Le gouvernement poursuit des réformes pour améliorer la logistique. Il travaille notamment à la mise en place d’un guichet unique national (INSW), accélérée en raison de la crise covid-19. Un projet de fusion des quatre opérateurs publics portuaires (Pelindo) est en cours de discussion, ce qui permettrait de réduire les coûts logistiques, et renforcer et harmoniser la performance des ports, afin de créer un système plus intégré à travers le pays.

La loi omnibus pour la création d’emplois adoptée fin 2020 représente également une opportunité pour l’attractivité des investissements étrangers. Depuis plusieurs années, l’Indonésie a assoupli les conditions pour l’investissement dans les opérations portuaires (réduction des exigences de fonds propres notamment).

Une coopération franco-indonésienne existante mais à renforcer

L’AFD a financé deux tranches d’un prêt de politique publique avec d’autres bailleurs pour l’appui à la réforme logistique et portuaire. Ce programme, mené entre 2015 et 2019, a contribué à améliorer la performance des ports, la qualité des services logistiques et la facilité des échanges. Pour ce programme, l’AFD avait également mobilisé une expertise du Grand Port Maritime du Havre et de l’Institut Portuaire de l’Enseignement et de la Recherche.

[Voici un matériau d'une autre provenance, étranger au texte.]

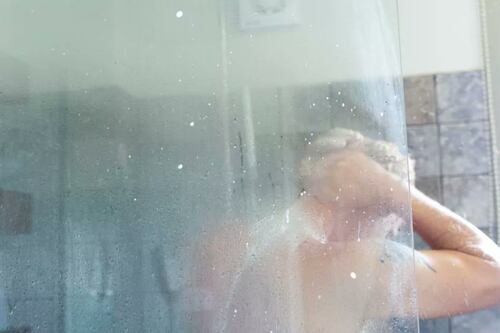 ¿Es saludable ducharse a diario?: La respuesta de un enfermero se hace viral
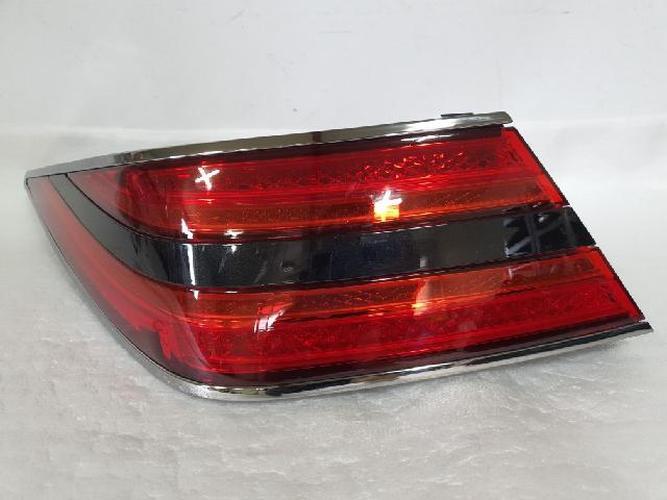 Tail Light Left (LH) Outer (fender) Genesis G90 (2020)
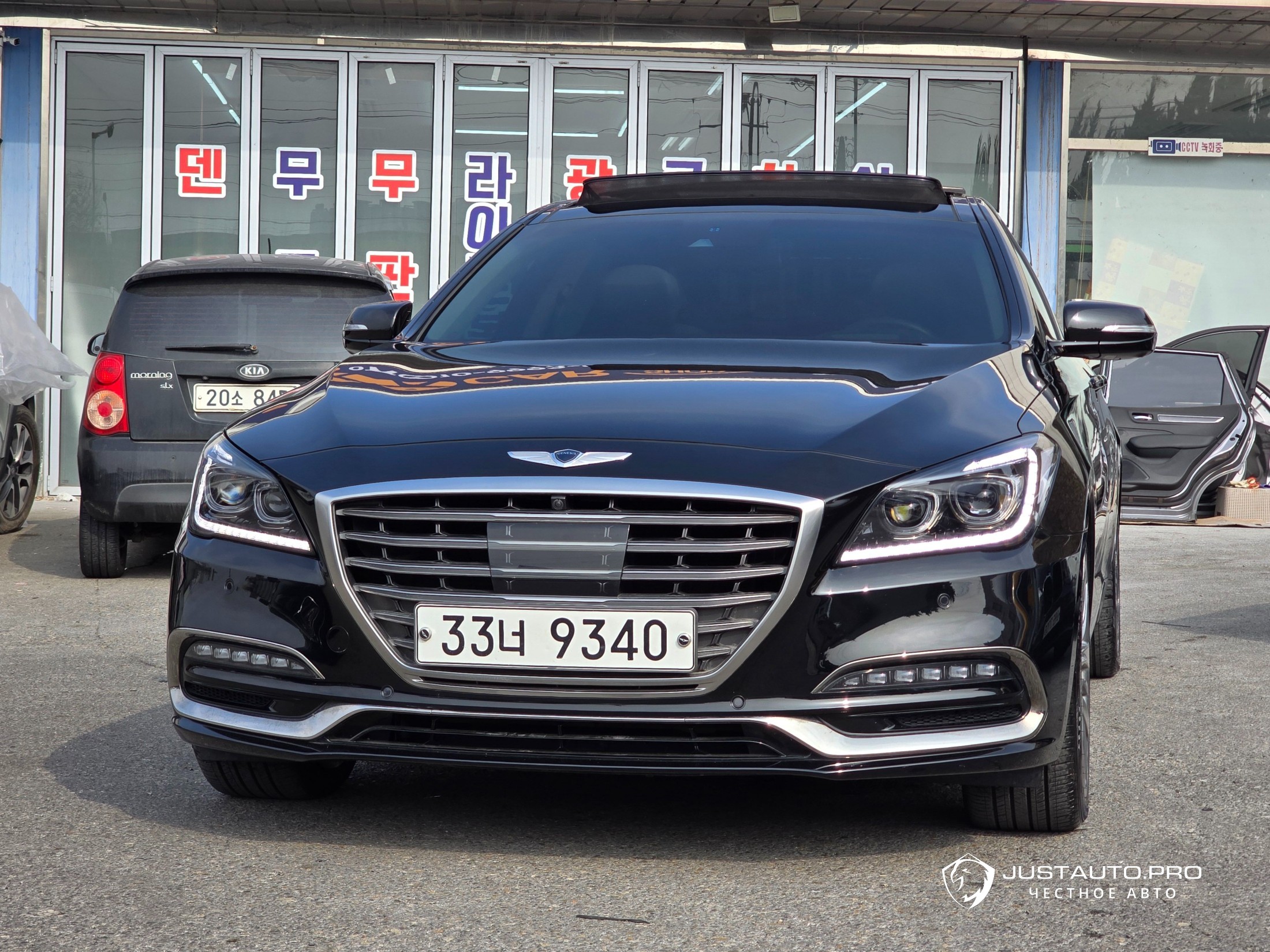 Автомобиль Genesis G80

Plusieurs entreprises françaises sont présentes dans le secteur. CMA-CGM est leader du marché international de conteneurs et développe ses activités de stockage et de logistique. Louis Dreyfus Armateurs fait partie de la joint-venture Sinarmas LDA Maritime, leader du transport domestique d’huile de palme, de nickel et de charbon, qui prévoit de développer ses activités de logistique et de services portuaires. Dans le secteur portuaire, Gaussin Manugistique a fourni des équipements de manutention électrique et contribué au plan de développement du port de Surabaya.

Les programmes de renforcement d'infrastructures portuaires, le développement de l’industrie navale indonésienne, de même que la sécurité et la communication maritime pour la réduction des accidents de navires peuvent représenter des opportunités de coopération pour les entreprises françaises.